Court Cannot Direct Accused To Surrender While Rejecting Anticipatory Bail : Supreme Court

Amisha Srivastava

26 April 2026 10:35 AM IST

  • Court Cannot Direct Accused To Surrender While Rejecting Anticipatory Bail : Supreme Court
    Listen to this Article

    The Supreme Court emphasised that a court has no jurisdiction to direct an accused to surrender before the trial court while rejecting anticipatory bail.

    If the Court wants to reject the anticipatory bail, it may do so but the Court has no jurisdiction to say that the petitioner should now surrender”, the Court observed.

    A bench of Justice JB Pardiwala and Justice Ujjal Bhuyan was hearing a plea filed by a man accused of cheating and forgery against a Jharkhand High Court order which had rejected his anticipatory bail plea and asked him to surrender and seek regular bail.

    The complainant filed a private complaint before a magistrate in 2021 alleging offences under Sections 323 (voluntarily causing hurt), 420 (cheating), 467 (forgery of valuable security), 468 (forgery for purpose of cheating), 471 (using forged document), and 120B read with 34 of the IPC, in connection with a land dispute.

    The High Court dismissed the petitioner's second anticipatory bail application on the ground that no new circumstances were shown. It had relied on its earlier order rejecting his first anticipatory bail plea, in which the Court directed the petitioner to surrender before the trial court and seek regular bail in terms of the decision in Satender Kumar Antil v. CBI.

    The Supreme Court said such a direction was wholly without jurisdiction. It said that if a court chooses to reject anticipatory bail, it may do so, but it cannot compel the accused to surrender.

    The Court explained that once a magistrate takes cognizance and issues process, the usual course is issuance of summons, and the accused is required only to appear before the court and participate in the proceedings.

    Referring to Section 87 of the CrPC, 1973, the Court said a warrant can be issued in place of or in addition to summons only if the court records reasons to believe that the accused has absconded or will not obey the summons, or if the accused fails to appear despite service of summons without reasonable cause.

    The Court said police have no power to arrest an accused in a complaint case unless a non-bailable warrant is issued by the court.

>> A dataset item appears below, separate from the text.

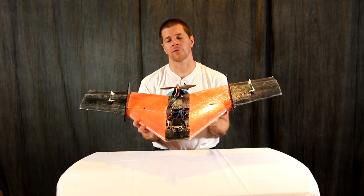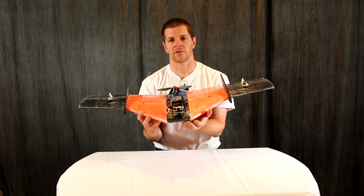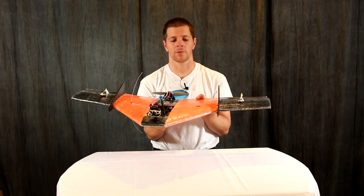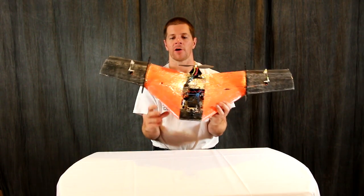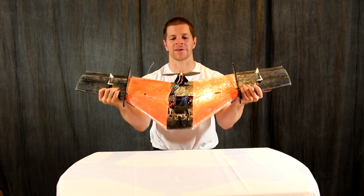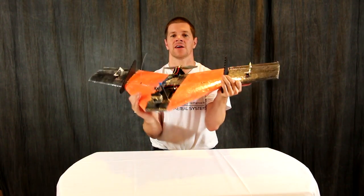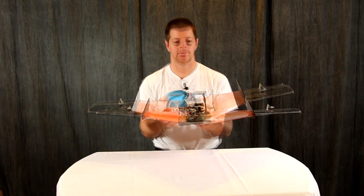A few things about this airplane before you start building. The center of gravity on this airplane is seven and one-fourth inches from the nose. I highly recommend using the included spars and gluing them in as I'm showing you. The spars do seem flimsy at first, but when you put the airplane together you'll find it's very stiff and you won't need any more spars.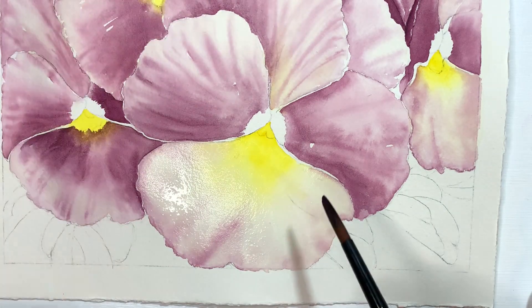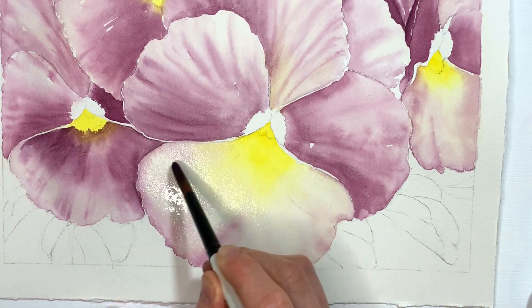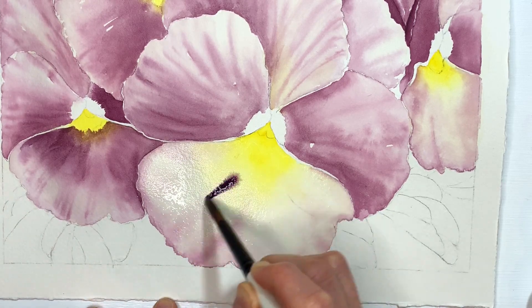This is where you really want to pay attention to the direction of the little lines that kind of run in the pansy. I don't know if there's a proper name for it.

It also clarified that even during an inquiry under Section 202 CrPC, where a magistrate may seek a police report before issuing process, the police cannot arrest the accused.

    The Court noted that despite this legal position, anticipatory bail applications are being routinely filed and entertained, particularly in Bihar and Jharkhand, resulting in unnecessary litigation reaching the Supreme Court.

    Unnecessarily anticipatory bail applications are entertained and when rejected the litigants have to travel all the way upto the highest Court of this Country. We also remind the High Court that the direction issued that the petitioner should surrender and seek regular bail before the Court was also wholly without jurisdiction”, the Court said.

    Since the trial in the present case was already in progress, the Court disposed of the petition observing that no further orders were required and disposed of the petition.

    It directed that a copy of the order be forwarded to the Registrars General of the High Courts of Bihar and Jharkhand to be placed before their respective Chief Justices. The Court also asked the State counsel to examine the issue and guide the State accordingly.

    Also from the order - Police Cannot Arrest Accused In Complaint Case Unless Non Bailable Warrant Issued Along With Summons : Supreme Court

    Case no. – Petition for Special Leave to Appeal (Crl.) No.16221/2025

    Case Title – Om Prakash Chhawnika @ Om Prakash Chabnika @ Om Prakash Chawnika v. State of Jharkhand & Anr.